▶ Collection entries
Content starts

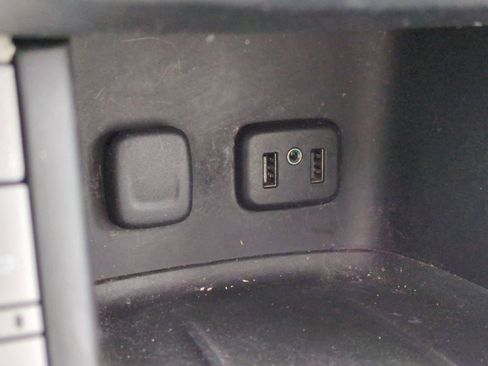 Used 2017 GMC Acadia SLT image 35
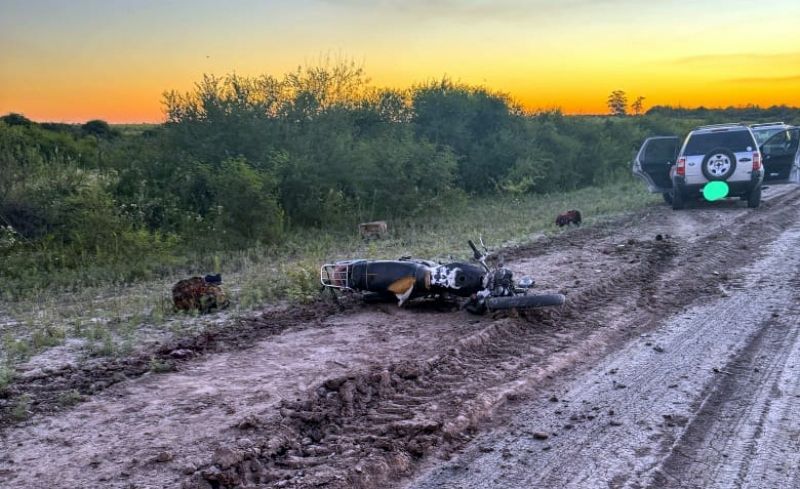 Tragedia en Calchaquí: murió un motociclista tras chocar de frente contra una camioneta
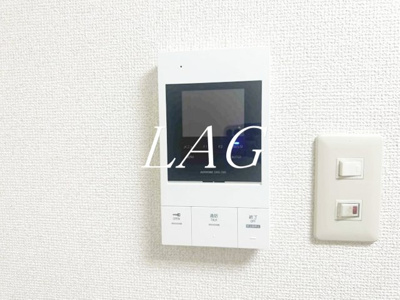【設備】 | レジェンド代官山 | モニター付インターホンです。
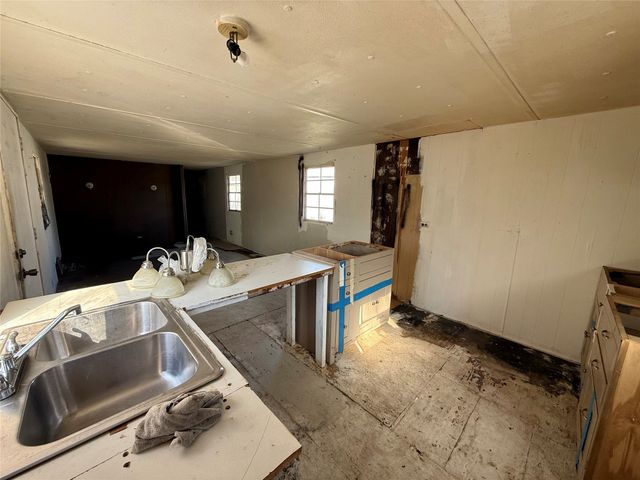 10300 Tanglewood Circle 1, Wills Point, TX 75169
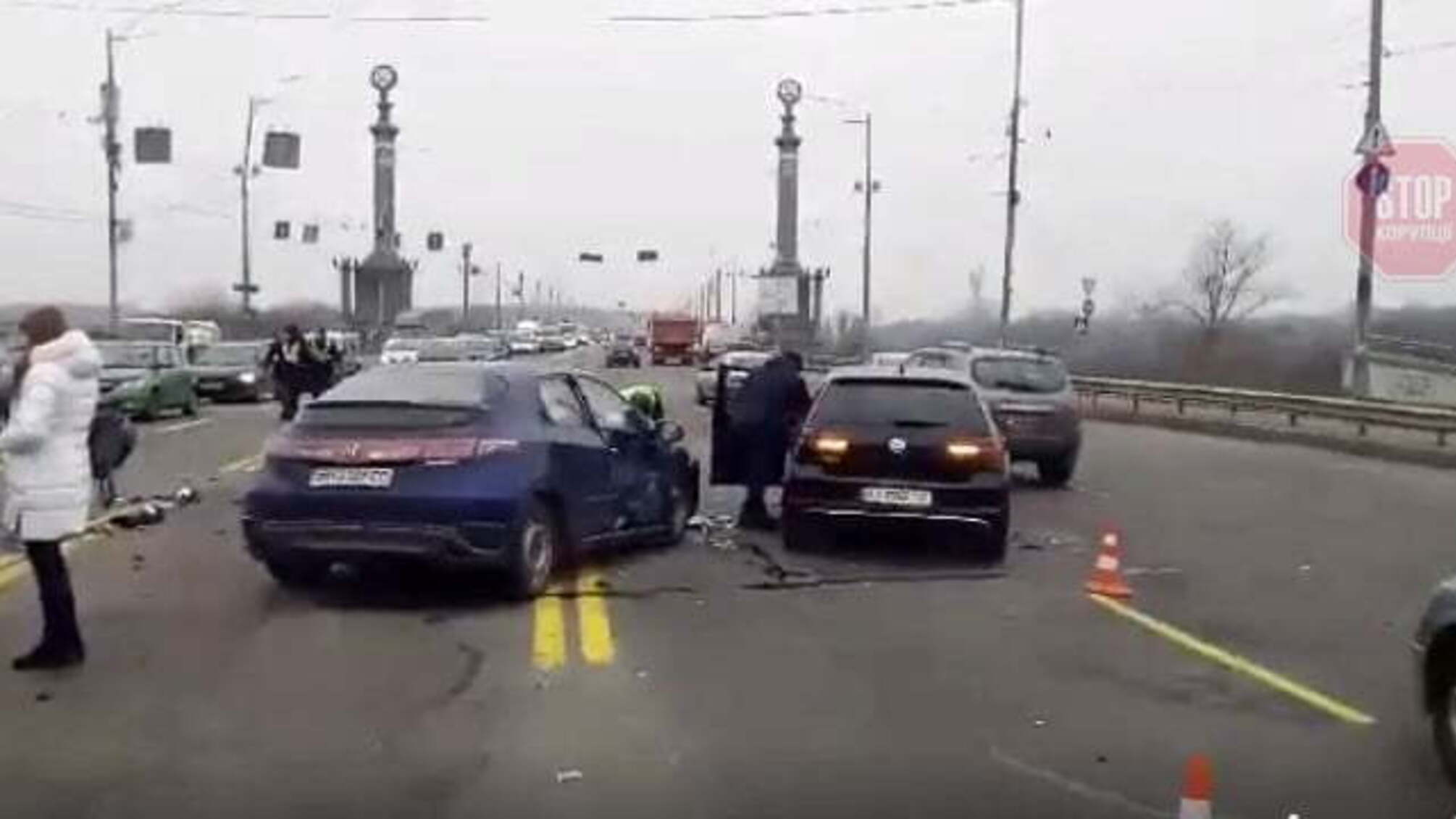 Їхав по реверсивній відімікненій смузі: в Києві зіштовхнулись 4 авто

Content ends

▶ Exercise aim
The answer should consist of all the records, duplicated exactly, with no images included.

▶ Your solution
 Used 2017 GMC Acadia SLT image 35
 Tragedia en Calchaquí: murió un motociclista tras chocar de frente contra una camioneta
【設備】 | レジェンド代官山 | モニター付インターホンです。
 10300 Tanglewood Circle 1, Wills Point, TX 75169
 Їхав по реверсивній відімікненій смузі: в Києві зіштовхнулись 4 авто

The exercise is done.